I have yet to find out if a front BB DET clip will be enough to do the GA-DET swap. Despite the numerous searches on ALL Nissan related sites, no one seems to have any info pertaining to this hybrid swap. 

One last little opinion on this whole "Use the SEARCH button" charade - it's a bandwagon anger party. I think the only people that really have a claim to burning newbies are the ones that have actually done the work pertaining to the newbie question. 

I'm looking for specific answers to specific questions. I'm just glad I didn't ask what the best intake is for a GA16DE is.

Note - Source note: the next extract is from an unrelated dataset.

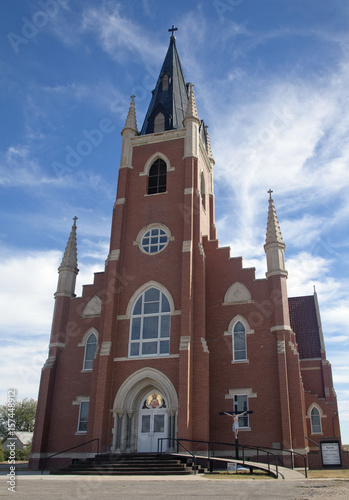 Fotografie, Obraz Gothic style Catholic Church in Park, Kansas, US, 2016.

FYI - My alternative to the GA swap is to replace the GA with a lower mileage 1.6 and go turbo. GA's go for $575 or less w/ under 40k mi. In the end, I'd spend the same as a DET swap. I'm just looking for the least-hassle-factor.


----------



## LexKyB13 (May 1, 2002)

a bb det front clip will not be enough. you still have to swap out sensors, tranny, axles, motor mounts, and a few other things i can't remember right now for the usdm front wheel drive parts (since all det's are AWD). 

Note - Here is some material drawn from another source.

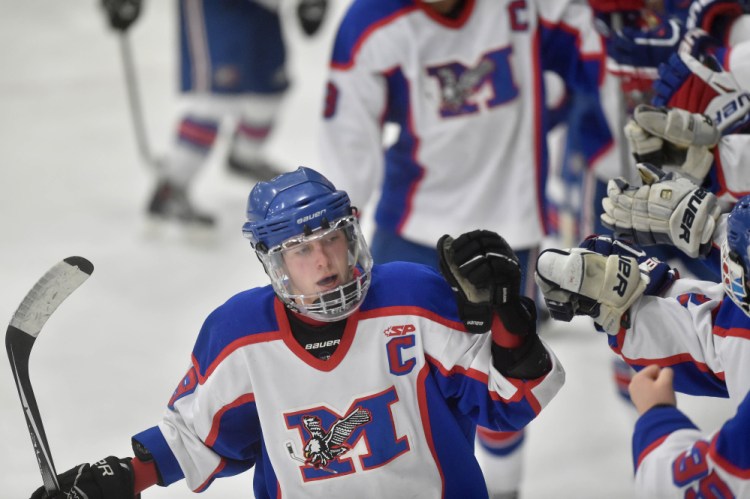 Messalonskee forward Jared Cunningham, left, celebrates his second period goal with teammates during a Dec. 15 game at Sukee Arena in Winslow. Cunningham is just two points away from tying the program’s scoring record held by older brother Chase.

let me point this out....when i did my ga>sr swap, i used this forum and sr20deforum.com and found ALL the answers i needed. without these forums, i wouldn't have completed the swap. 

the least-hassle-factor....they're both about the same amount of trouble. either way you go, you're swapping shit between motors and pulling/putting motors in/out. if you're going through all the trouble anyway, just go ahead and get a det (sr20 that is). the potential factor is much better, not to mention it was built to be turbo, whereas the ga16 is not built for turbo. just my .02.


----------



## Guest (May 17, 2003)

LexKyB13 said:


> *a bb det front clip will not be enough. you still have to swap out sensors, tranny, axles, motor mounts, and a few other things i can't remember right now for the usdm front wheel drive parts (since all det's are AWD).
> *


All SR20DETS are not AWD they generally come in RWD for the 240sx then the pulsar came around and they built the AWD GTiR and the BlueBird, most places that sell GTiR or BlueBirds dont even come with the AWD tranny so its nothing to worry about. the only reason they sell GTiRs and BBs are for FWD cars like 200sx, sentras, and G20. 

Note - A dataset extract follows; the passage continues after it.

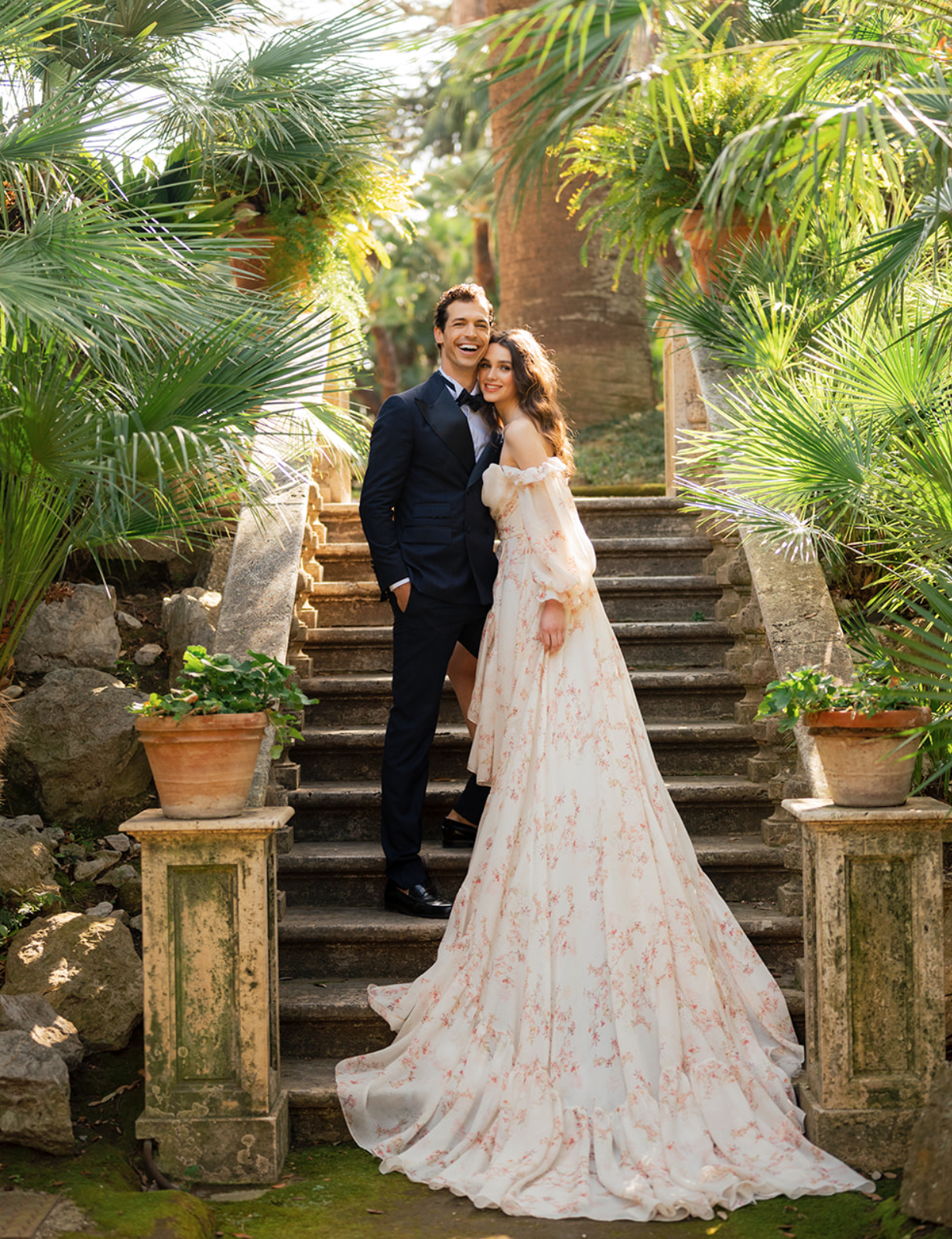 A bride and groom stand on outdoor stairs and smile while the sunlight hits their faces at their wedding venue in Amalfi Coast, Italy.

http://www.afterdark-tuning.com/ is a reliable place to buy a FWD GTiR. for $2450 you recieve complete block, head, manifolds, turbo, stock mount intercooler and piping, complete harness, all sensors, ecu, transmission, and motor mounts. Radiator, AC, PS.

ive talked to this guy many times before he says its a direct swap and is guranteed to start up, he said this about my 98 sentra


----------



## Guest (May 17, 2003)

I just noticed this is for b13 chassis so it may not be a direct swap may need cutting, in simpletons big $$


----------



## 2SR20DE (May 17, 2003)

Yeah... most of these guys are right. You just need to go buy an SE-R. By the time you spend all of the money and effort it won't be worth it. Also with the extra power it would be wise to then up grade to discs in the back of the car. The list goes on and on for this conversion. My advice is to find someone who has done a swap into a SE-R and buy that car. You'll save soooo much time and probably money also.


----------



## LexKyB13 (May 1, 2002)

what i meant by all det's are AWD was that all det's that are able to be converted to FWD came in AWD trim. since RWD det's can't be put in b13, b14....


----------



## Mack (Mar 18, 2003)

2SR20DE said:


> *Yeah... most of these guys are right. You just need to go buy an SE-R...You'll save soooo much time and probably money also. *


I think this guy has hit the nail on the head, so to speak. I'm not sure what the attraction is to going to this sort of expense (of time, money, effort) for a kind of redundant modification. It's not like you're taking an engine from some undesireable car, right? If you want the SR20 engine, just get the car that came with it. That way - it has everything you need for that engine. I think Nissan planned it that way - afterall, the SE-R is a different car in many respects, correct? If the SR20 was meant to "drop" in the GA-based Sentras, it would. But it requires a lot more than that. That's why you just buy the original SR20 powered car. I bet you'd be much happier that way. And you'd keep all of us who are content with our particular car/engine setup much happier, too.


----------



## djmamayek (Aug 26, 2003)

I think this is wise information, with only one exception... I got my '93 XE for free, and se-r's are very rare and usually quite expensive around Milwaukee wisconsin. Not to mention the fact that older nissan bodies are no particularly known for their ability to stand up to road salt... Which means I would have to hunt and hunt and hunt to find a car that costs too much for the condition it is in. This way I have a car with relatively low miles decent body, and all I have to do is assemble the motor/tranny and drop it in.... At least that is what I thought, I didn't realise until I SEARCHED that you need crossmember, and shafts also, and I never even thought about the rear drum brakes on the XE....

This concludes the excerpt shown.